Durante a adolescência e olhando para o que se passava
naquela terra, tudo o que era lugares importantes eram ocupados de acordo com o
aparelho partidário do partido que ocupasse o poder naquela altura e
verificando que outros lugares exigiriam um mérito a que ele não acederia
rapidamente, decidiu-se pela via partidária. Analisou a oferta e optou pelo
partido que lhe pareceu com maior probabilidade de ocupar o poder durante mais
tempo inscrevendo-se na juventude partidária. Diligentemente, o Alpinista
cumpria as tarefas que lhe eram cometidas e com a sua capacidade discursiva foi
subindo na hierarquia, tendo chegado a um patamar que lhe garantiu um lugar nas
listas de deputados em representação da juventude. Entretanto inscreveu-se numa
daquelas universidades em que a exigência em certos cursos, sobretudo para
figuras de algum relevo público, não é muito grande, mas que, para compensar,
as notas são mais altas e passou a Dr. Alpinista. O bom desempenho no aparelho
do partido e a fidelidade canina no Parlamento, levaram-no a uma irrelevante
Secretaria de Estado durante alguns mandatos. A sua acção, socialmente
insignificante, mas partidariamente relevante, valeu-lhe, à saída do Governo,
um lugar na administração de uma empresa de capitais públicos de uma área que
ignorava por completo.
Alguns anos depois, poucos naturalmente, o Alpinista
reformou-se, retirando-se para uma das propriedades que faziam parte do
património que entretanto tinha adquirido e dedicou-se à escrita.
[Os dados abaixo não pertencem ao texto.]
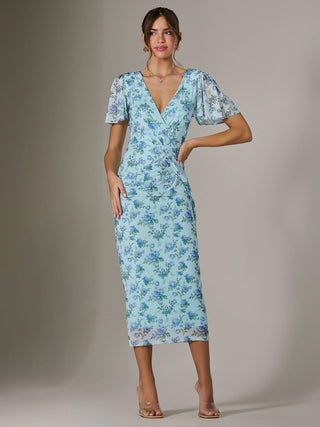 Mesh Short Sleeve Midi Dress, Blue Floral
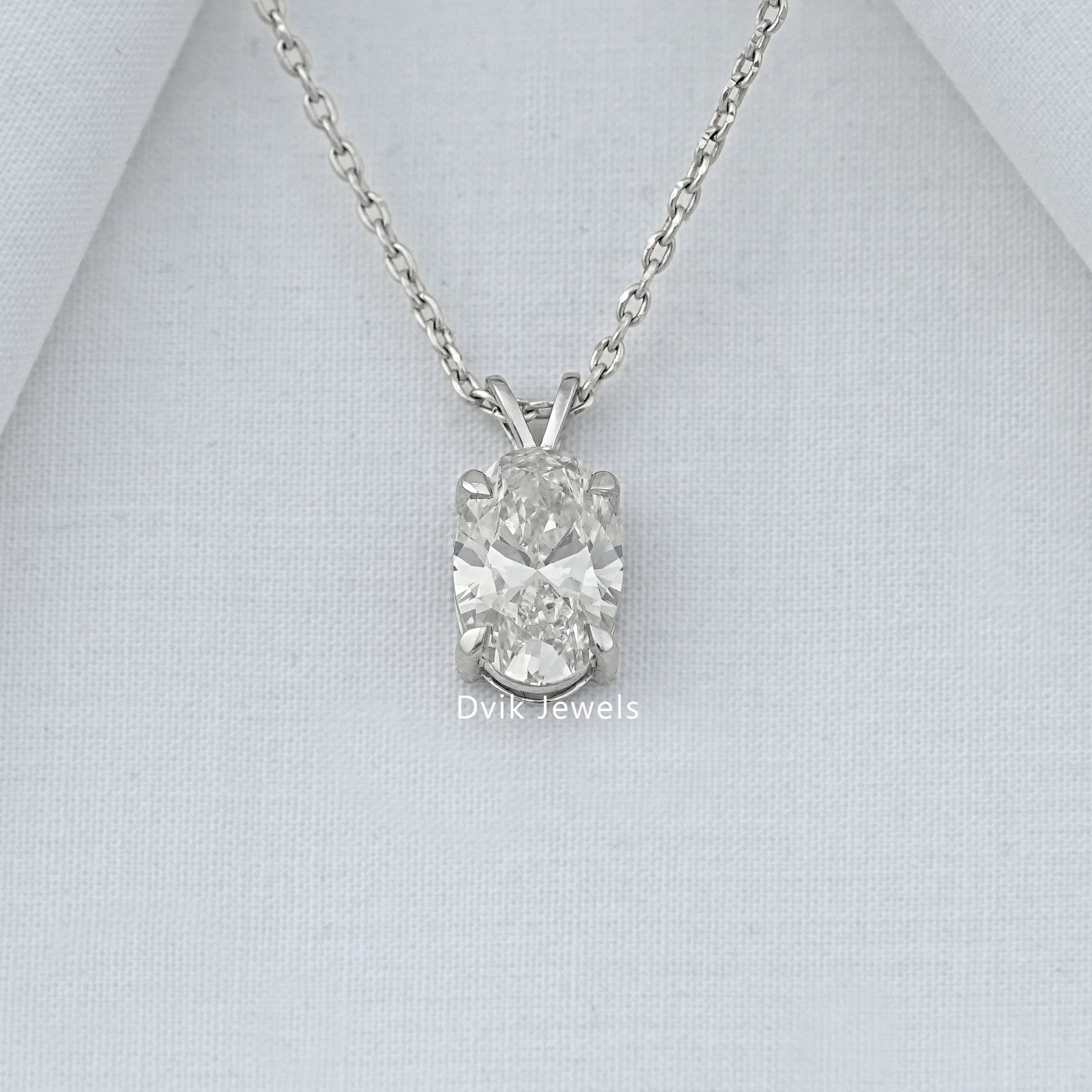 Oval Cut Lab Diamond Solitaire Pendant Pendant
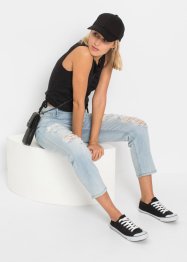 Jeans cropped con zone sdrucite straight, RAINBOW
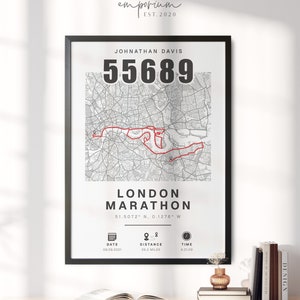 Any Marathon or Run Completion Map - Perfect Gift for Runners, Personalised Completion Data, Commemorate, 10k 5k Full or Half Gift #458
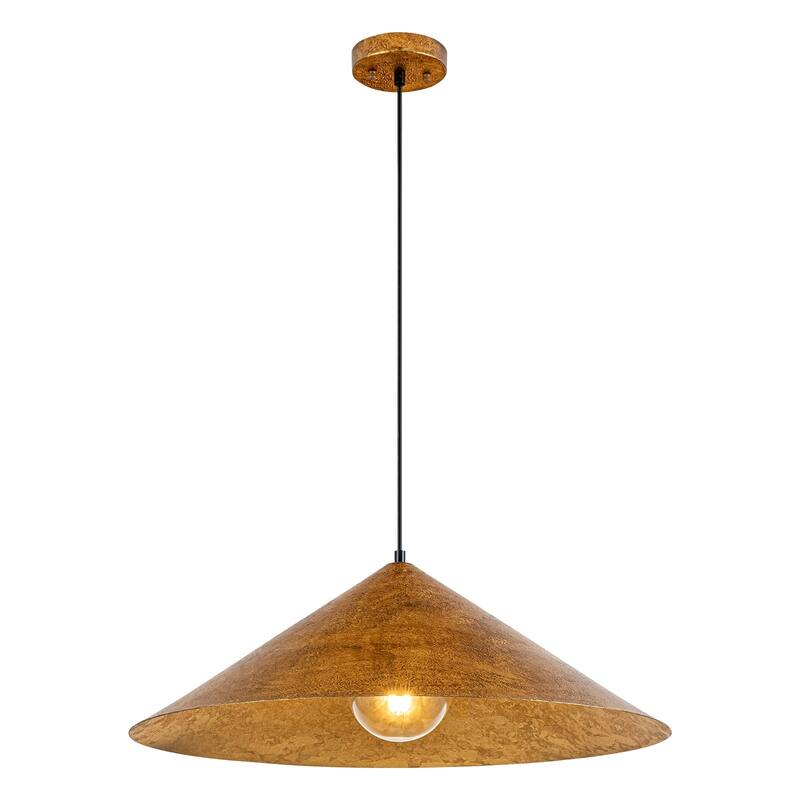 Industrial Farmhouse 1-Light Oversized Cone Pendant Kitchen Island Light - 24.8 in.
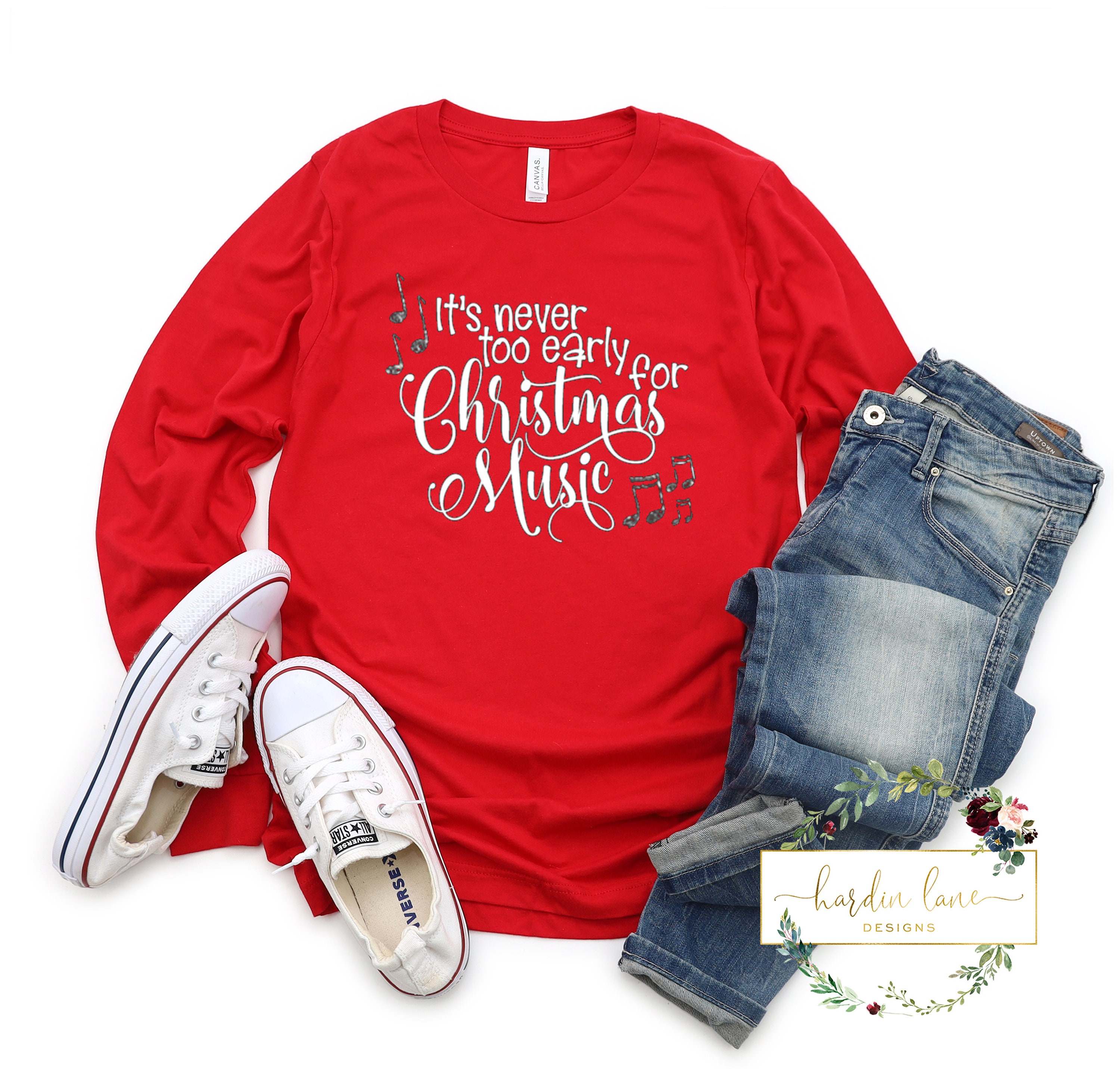 Christmas shirt Christmas music shirt glitter vinyl shirt Etsy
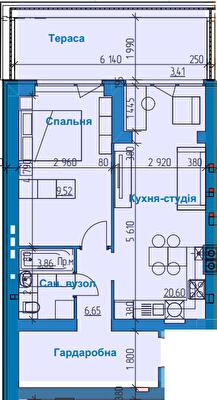 1-кімнатна 52.03 м² в ЖК в Лісовій Бучі від 19 500 грн/м², м. Буча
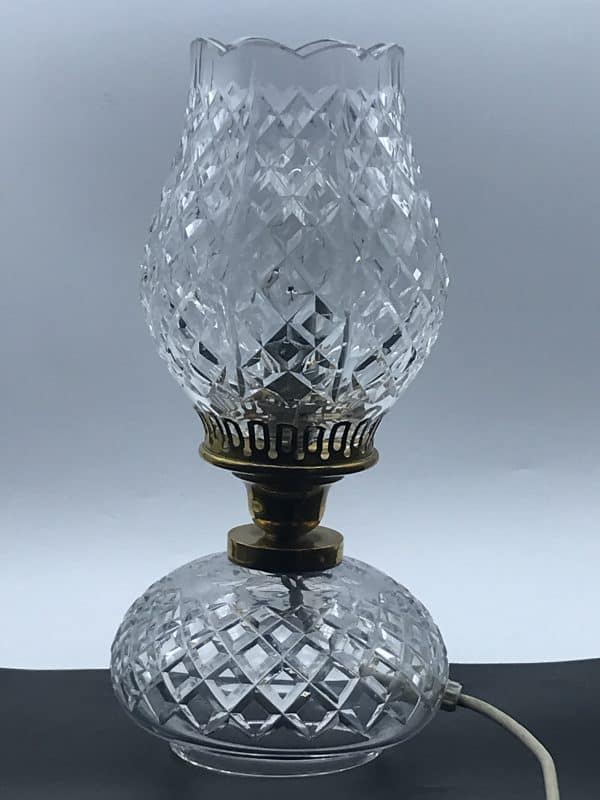 Waterford Crystal 2-Piece Electric Hurricane Lamp – Elegant Cut Glass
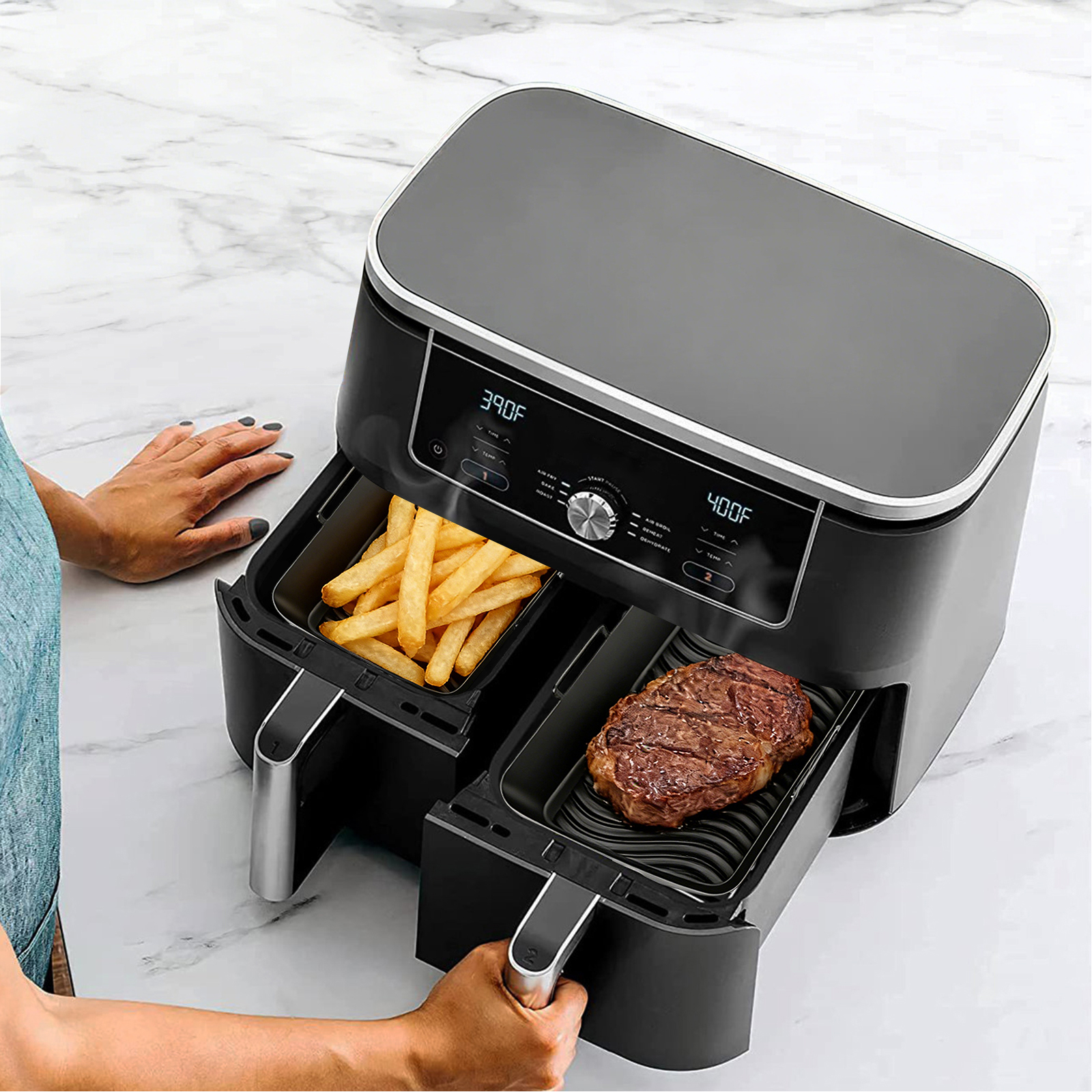2Pcs Air Fryer Silicone Liners - Commercial Kitchen Cooking avis et prix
O livro que produziu, autobiográfico, rapidamente se
transformou num enorme sucesso, tem por título, “O Manual do Alpinista” e
consta obrigatoriamente das bibliografias distribuídas nas Universidades de
Verão dos diversos partidos.
Dito isto tudo e apesar disto tudo, importa sublinhar que vale
a pena não esquecer que também há lugar para o mérito e qualificação em que vale sempre a pena investir.